La danse en huit des abeilles encode la direction (angle par rapport au soleil) et la distance (durée du frétillement) d’une source de nourriture, permettant une conversion en coordonnées géographiques relatives à la ruche. Par exemple, un frétillement de 2 secondes à 45° à droite indique une source à environ 2 km, 45° à droite du soleil. - Onodera, Fukumi.

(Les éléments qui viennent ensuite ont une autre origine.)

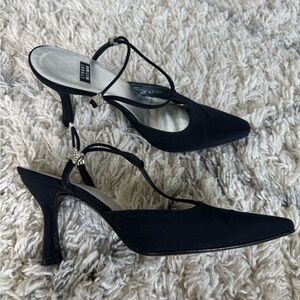 Stuart Weitzman Strappy Rhinestone Black Heels Size 6.5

Sustainable Urban Development through Beekeeping
. TOKYO UPDATES, 24 novembre 2023. - Araki, Satoshi.
Tokyo’s Street Trees
. - Walther-Hellwig, K. and Frankl, R. (2000), Foraging habitats and foraging distances of bumblebees, Bombus spp. (Hym., Apidae), in an agricultural landscape. Journal of Applied Entomology, 124: 299-306. https://doi.org/10.1046/j.1439-0418.2000.00484.x
- On peu définir l’archipellisation comme la fragmentation des habitats floraux en patches ou
îles
de végétation dispersés mais interconnectés, formant un réseau comparable à un archipel. Ces zones, riches en plantes nectarifères ou pollinifères, fonctionnent comme des réservoirs autonomes pour les pollinisateurs (abeilles, papillons), tout en étant reliées par des corridors écologiques (haies, parcs, alignements d’arbres dans les rues). Ce phénomène, parallèle à l’urbanisation, soutient la biodiversité en ville en offrant des ressources florales discontinues mais accessibles aux espèces mobiles… - La phénologie est l’étude des événements biologiques périodiques des organismes vivants, comme la floraison, la feuillaison, la fructification ou la migration chez les animaux, en relation avec les facteurs environnementaux, notamment le climat et les saisons. Elle observe et enregistre les dates et les conditions de ces phénomènes pour comprendre leur variation dans le temps et leur lien avec les changements environnementaux, comme la température.